Kafka Producer Retry Configuration Properties

To manage these retries effectively, Kafka provides a set of producer configuration properties. Here are the most important ones, along with detailed explanations:

1. retries

This property controls the maximum number of retry attempts the producer should make when a retriable error occurs.

  • Default Value: Integer.MAX_VALUE (effectively retry indefinitely until the message is delivered or delivery timeout is reached)
  • Recommended Usage: Set a reasonable limit, such as 10, if you want to prevent indefinite retries.
  • Use Case Example: If a broker goes down temporarily, Kafka can retry a few times before giving up.
spring.kafka.producer.retries=10

2. retry.backoff.ms

This property defines the time (in milliseconds) the producer should wait before attempting a retry. This delay prevents the producer from flooding the broker with retry requests in a tight loop.

  • Default Value: 100 ms
  • Recommended Usage: Increase this value if your application is sensitive to load or network issues. For example, 1000 ms to wait 1 second between retries.
spring.kafka.producer.retry-backoff=1000

3. delivery.timeout.ms

This is a key configuration that defines the total time the producer is allowed to spend on sending a single message. It includes the time for all retries, time waiting for acknowledgments, and any backoff time.

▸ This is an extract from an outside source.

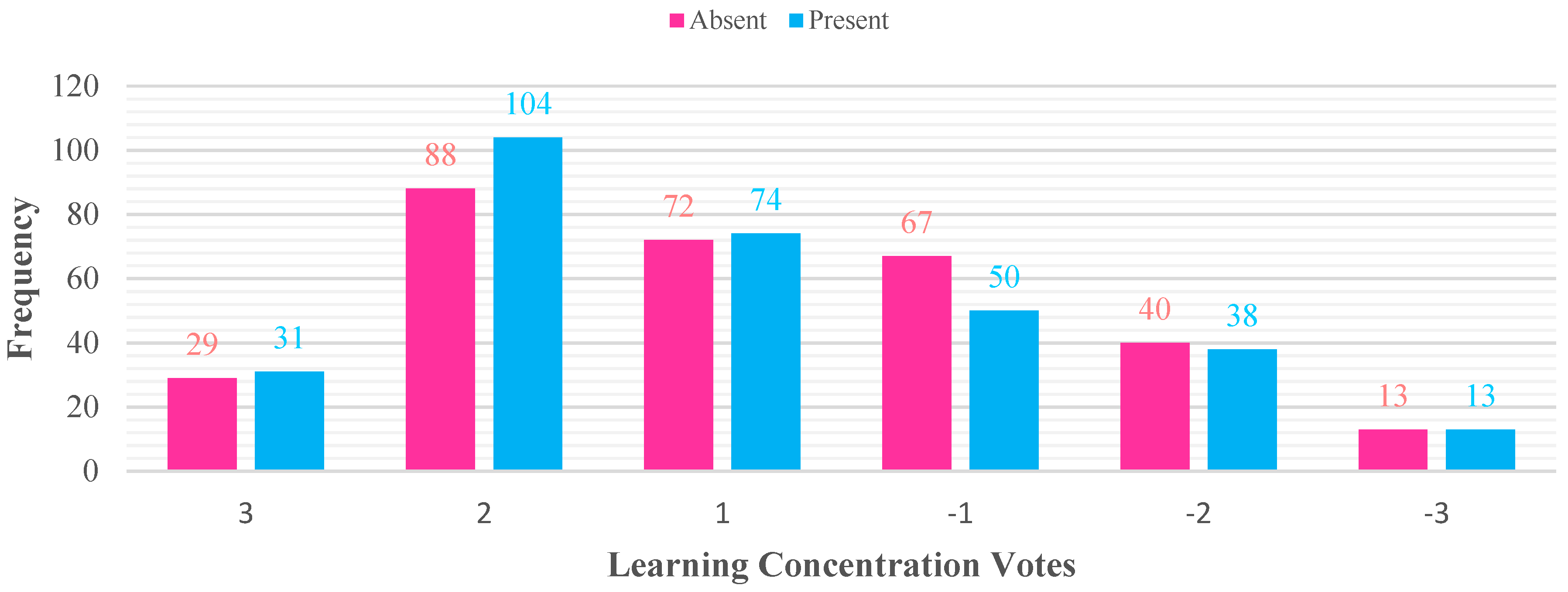 Buildings 11 00289 g014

  • Default Value: 120000 ms (2 minutes)
  • Important Note: This is the upper bound for all retries combined. If the message is not delivered within this time, a timeout exception is thrown.
  • Best Practice: Always ensure this value is greater than or equal to request.timeout.ms + (retries * retry.backoff.ms).
spring.kafka.producer.delivery-timeout=120000

4. request.timeout.ms

This property controls how long the producer waits for a response from the Kafka broker after sending a request.

  • Default Value: 30000 ms (30 seconds)
  • Clarification: This is different from delivery.timeout.ms which covers the full duration of retries; this one is per individual attempt.
spring.kafka.producer.request-timeout=30000

5. linger.ms

This property controls how long the producer will wait before sending a batch of messages. By default, it’s set to 0, which means the producer sends each message immediately.

  • Use Case: If you’re using compression, batching can significantly improve performance by compressing multiple messages at once.
  • Effect on Delivery Timeout: If you increase this value, remember that it affects delivery.timeout.ms total duration.